EDIT: Actually, conditioned on $X^{0}$ , it is not the case that $X^{T}$ is distributed according to $X$ .
(Simple counterexample: Take a graphical model where node A can be 0 or 1 with equal probability, and A causes B through a chain of > 2T steps, such that we always have B = A for a true sample from X. In such a setting, for a true sample from X, B should be equally likely to be 0 or 1, but $B^{T} ∣ X^{0} = B^{0}$ , i.e. it is deterministic.)
Of course, this is a problem for both my proposal and for the Lightcone theorem—in either case you can’t view $X^{0}$ as a latent that generates $X$ (which seems to be the main motivation, though I’m still not quite sure why that’s the motivation).
- johnswentworth 15 May 2023 16:18 UTC
  LW: 4 AF: 4
  0
  AF Parent
  Sounds like we need to unpack what “viewing $X^{0}$ as a latent which generates $X$ ” is supposed to mean.
  I start with a distribution $P [X]$ . Let’s say $X$ is a bunch of rolls of a biased die, of unknown bias. But I don’t know that’s what $X$ is; I just have the joint distribution of all these die-rolls. What I want to do is look at that distribution and somehow “recover” the underlying latent variable (bias of the die) and factorization, i.e. notice that I can write the distribution as $P [X] = \sum_{i} P [X_{i} | Λ] P [Λ]$ , where $Λ$ is the bias in this case. Then when reasoning/updating, we can usually just think about how an individual die-roll interacts with $Λ$ , rather than all the other rolls, which is useful insofar as $Λ$ is much smaller than all the rolls.
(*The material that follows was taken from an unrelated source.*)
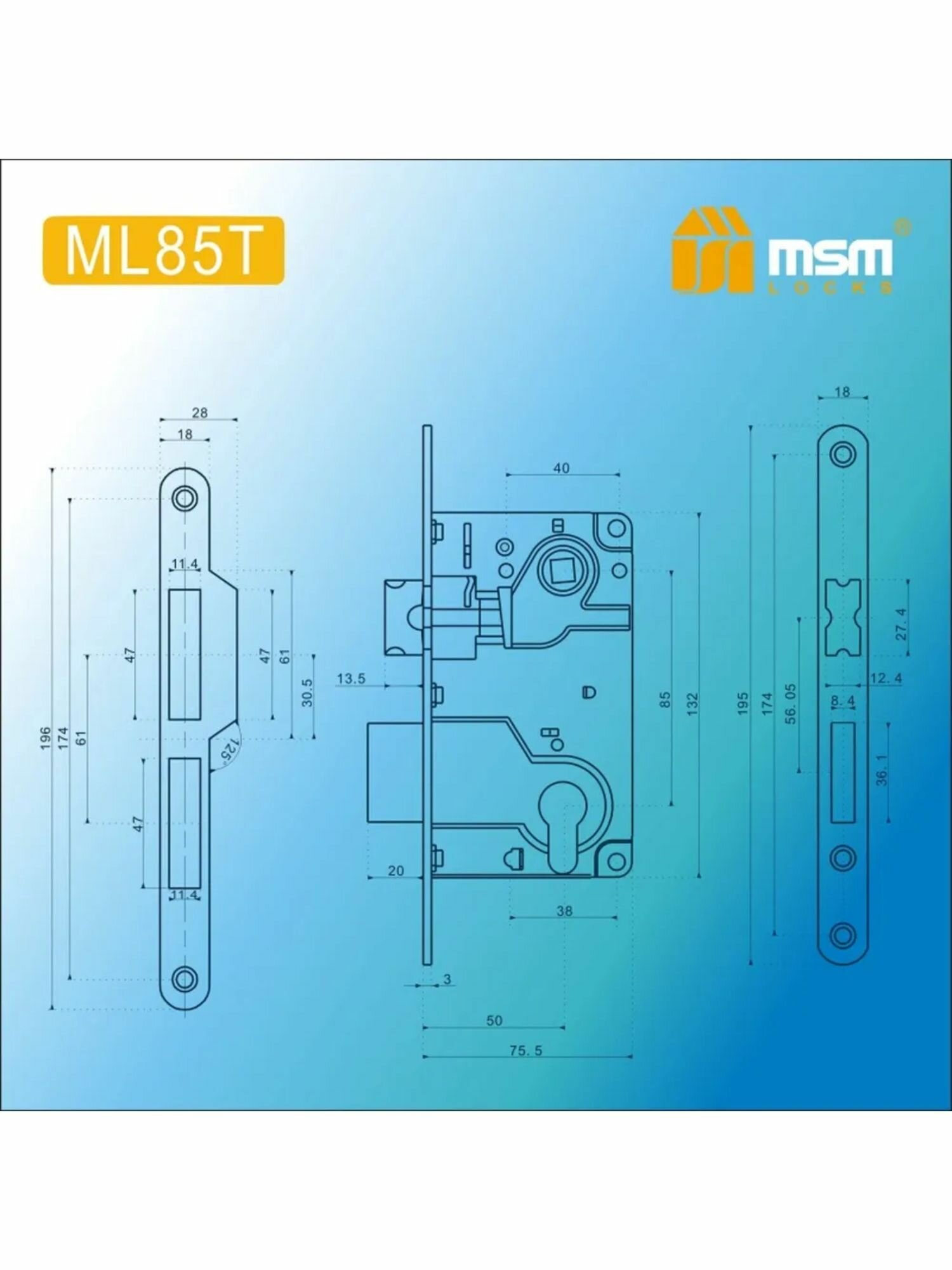Замок врезной (корпус) ML85T AB (цвет Бронза) MSM, цилиндровый — фото 1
  Note that $P [X | Λ]$ is not supposed to match $P [X]$ ; then the representation would be useless. It’s the marginal $\sum_{i} P [X_{i} | Λ] P [Λ]$ which is supposed to match $P [X]$ .
  The lightcone theorem lets us do something similar. Rather all the $X_{i}$ ‘s being independent given $Λ$ , only those $X_{i}$ ’s sufficiently far apart are independent, but the concept is otherwise similar. We express $P [X]$ as $\sum_{X^{0}} P [X | X^{0}] P [X^{0}]$ (or, really, $\sum_{Λ} P [X | Λ] P [Λ]$ , where $Λ$ summarizes info in $X^{0}$ relevant to $X$ , which is hopefully much smaller than all of $X$ ).
  - Rohin Shah 15 May 2023 17:23 UTC
    LW: 4 AF: 4
    0
    AF Parent
    Okay, I understand how that addresses my edit.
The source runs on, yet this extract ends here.